Hélène Frappat s'empare ici de ce concept pour le décortiquer dans « Le Gaslighting ou l'art de faire taire les femmes », un ouvrage qui s'aventure bien au-delà de l'intimité conjugale pour explorer son application dans les sphères politique et sociale.
À travers une approche mêlant cinématographie, philosophie et féminisme, elle propose une réflexion profonde sur le gaslighting comme arme de réduction au silence, particulièrement à l'encontre des femmes.

Bien que l'ouvrage brille par son originalité et l'étendue de ses références culturelles, j'ai été quelque peu freinée dans ma lecture par le foisonnement de citations, par le style de l'écriture qui m'a semblé alourdir la lecture. Je ne l'ai pas lu d'une traite loin de là, le reprenant entre deux-trois lectures.

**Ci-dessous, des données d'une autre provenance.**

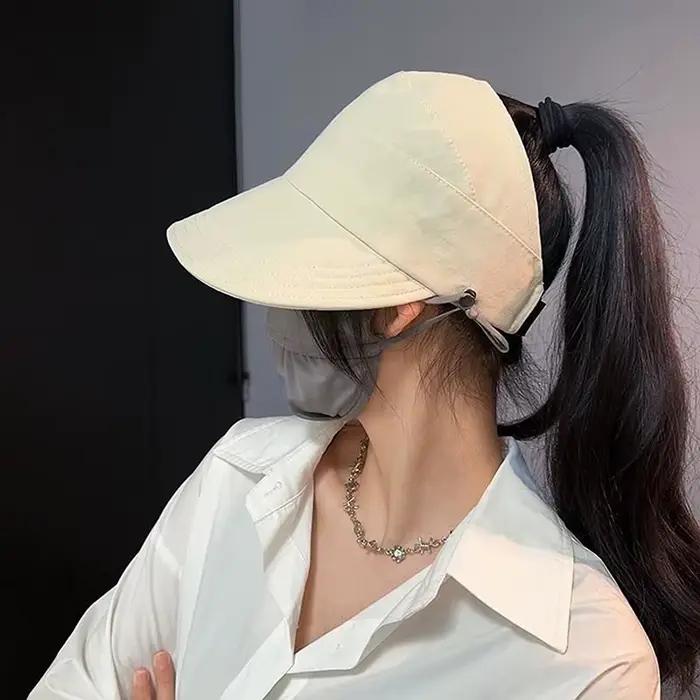 Chapeau de soleil UV pour femme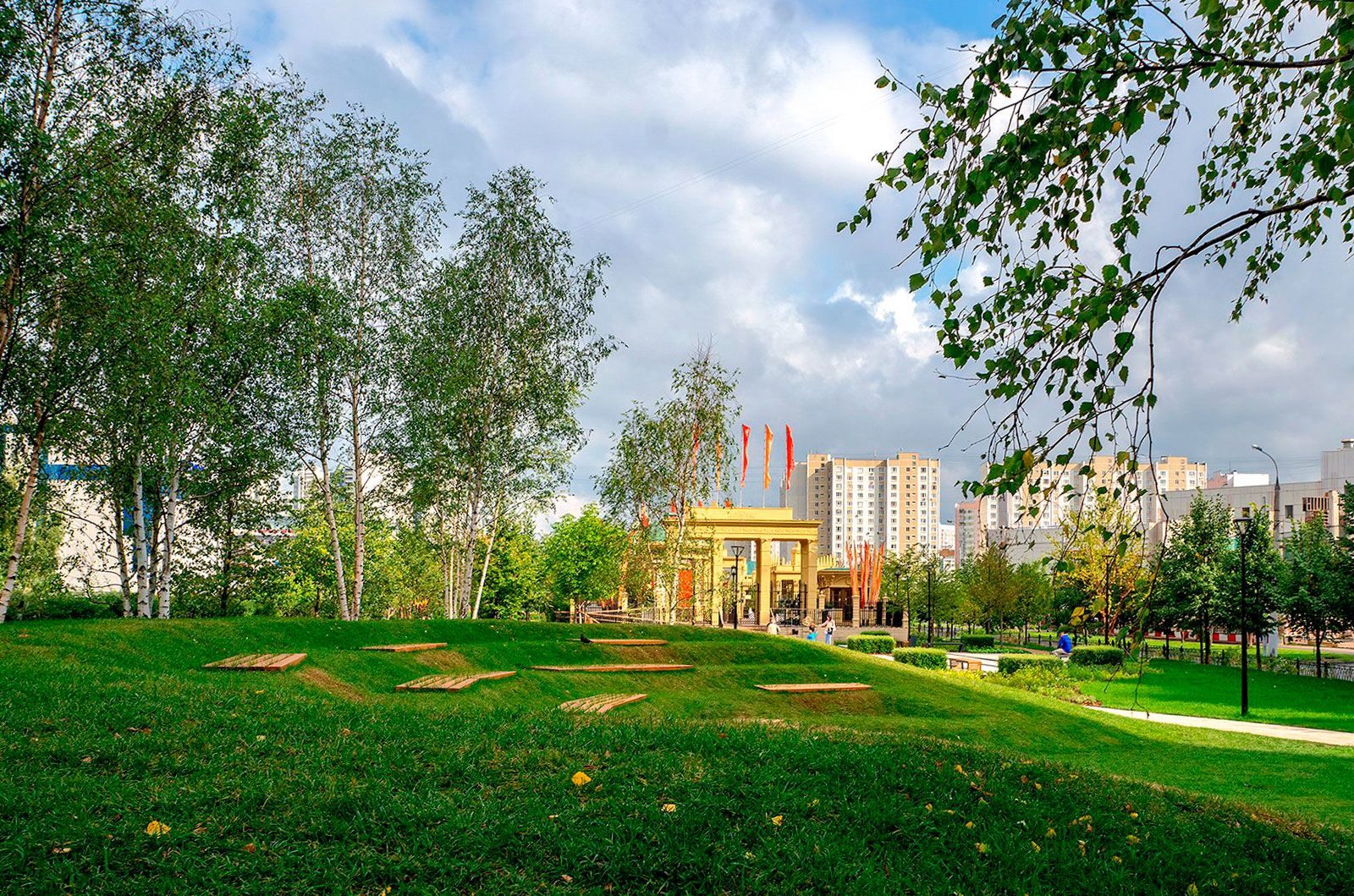 Экскурсия по району Митино библиотеки № 233 – события на сайте «Московские Сезоны»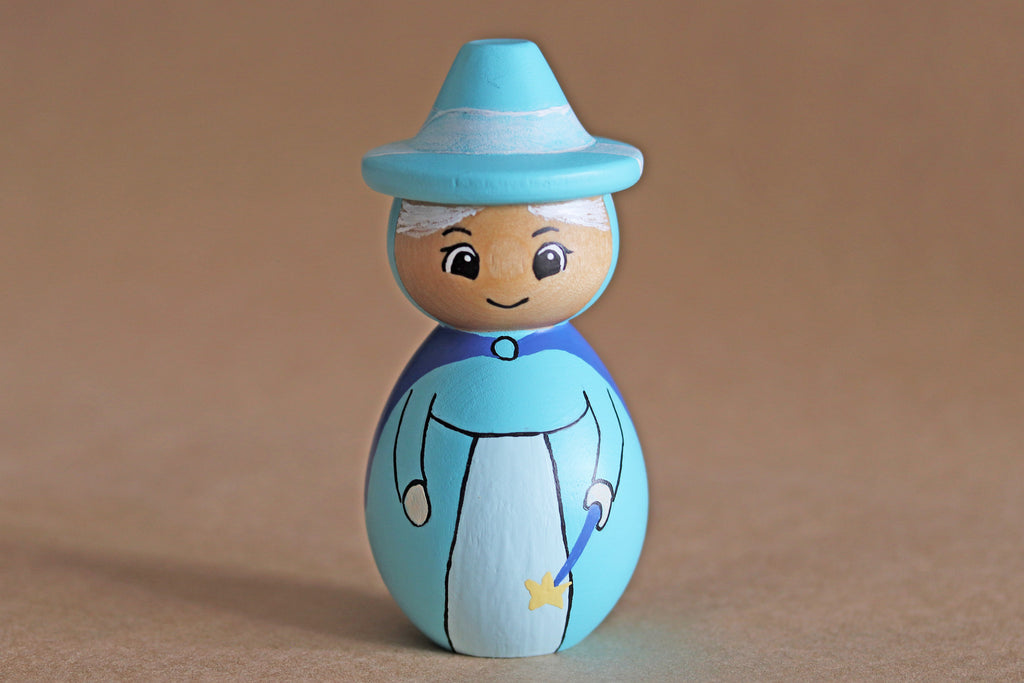 Giant Peg Doll - Fairy Godmother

Malgré cela, le travail demeure une invitation captivante à une prise de conscience, enrichie par une analyse détaillée du film de George Cukor. En définitive, « Le Gaslighting ou l'art de faire taire les femmes » se révèle être une lecture essentielle, même si plutôt exigeante, offrant des clés de compréhension cruciales sur une dynamique de pouvoir malheureusement toujours d'actualité.